TASK REQUIREMENTS —
Restate the records below word for word, and omit the images they hold.

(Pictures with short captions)
Start of Block

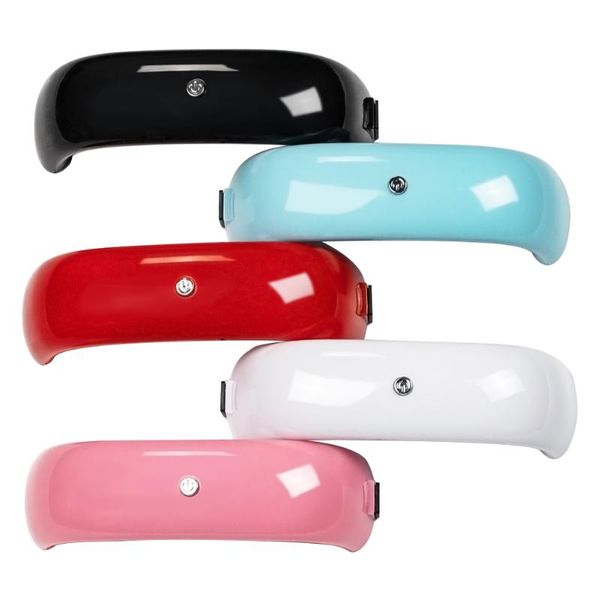 

nail dryers 12w mini lamp dryer uv led all for manicure portable usb cable home use gel polish varnish drying art tools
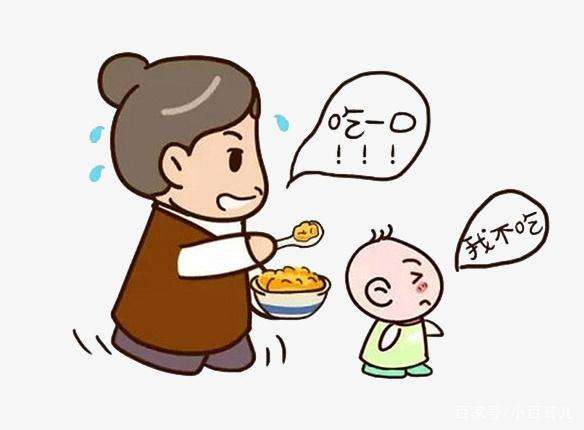 小宝宝不爱吃饭是不是脾胃虚弱,脾胃虚弱不想吃饭怎么回事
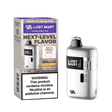 White Fucking fab lost mary 35000 puffs disposable vape and packaging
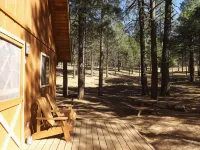 Arizona Mountain Inn and Cabins Hotels in Flagstaff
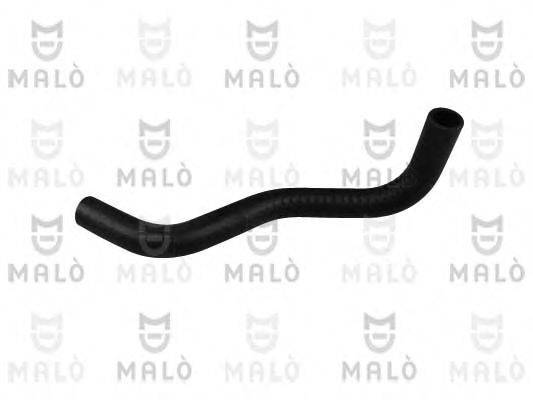 MALO 505791A Шланг радиатора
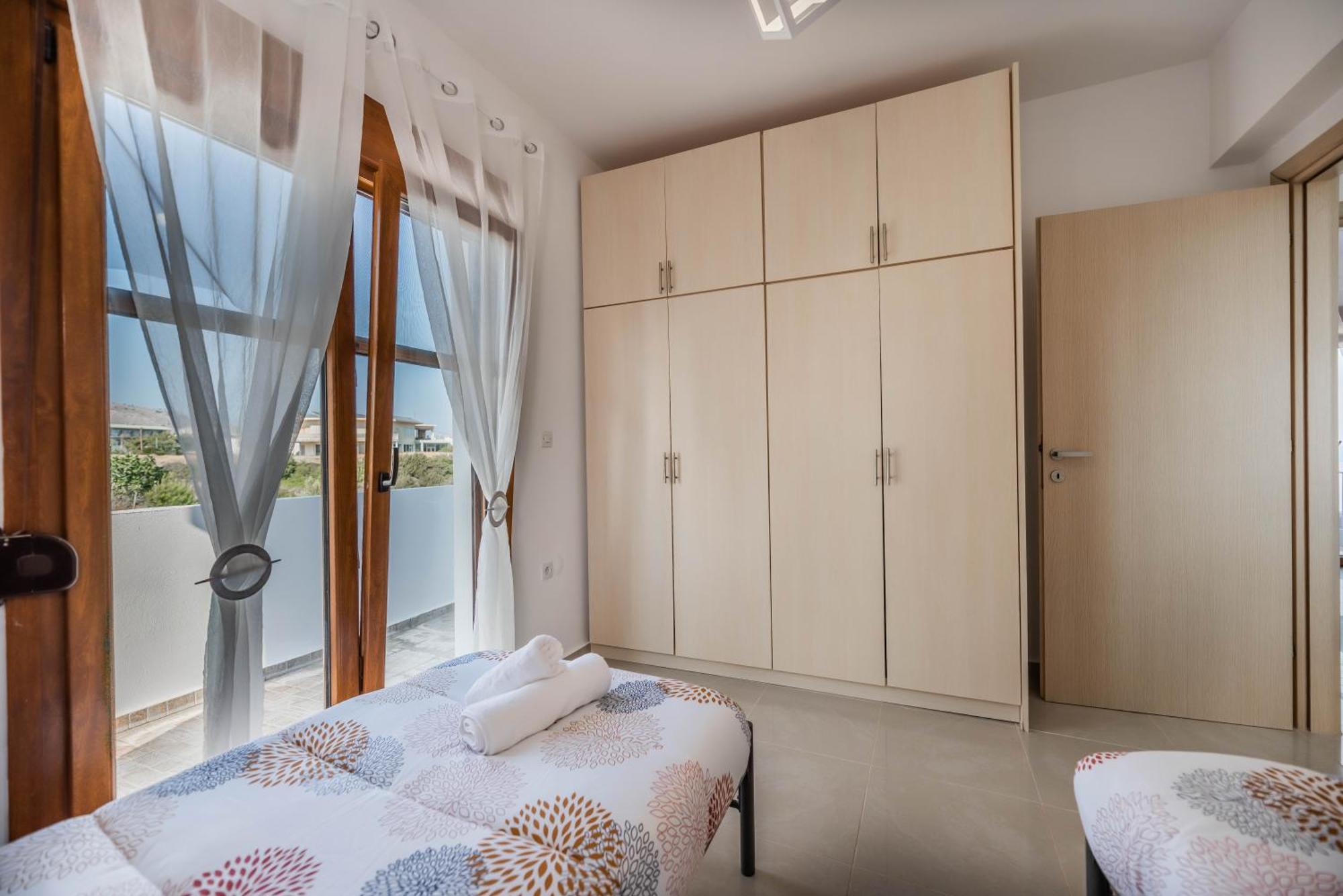 Ciel Blue Villas Kiotári Kültér fotó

End of Block

EXPECTED ANSWER —
nail dryers 12w mini lamp dryer uv led all for manicure portable usb cable home use gel polish varnish drying art tools
 小宝宝不爱吃饭是不是脾胃虚弱,脾胃虚弱不想吃饭怎么回事
 White Fucking fab lost mary 35000 puffs disposable vape and packaging
 Arizona Mountain Inn and Cabins Hotels in Flagstaff
 MALO 505791A Шланг радиатора
 Ciel Blue Villas Kiotári Kültér fotó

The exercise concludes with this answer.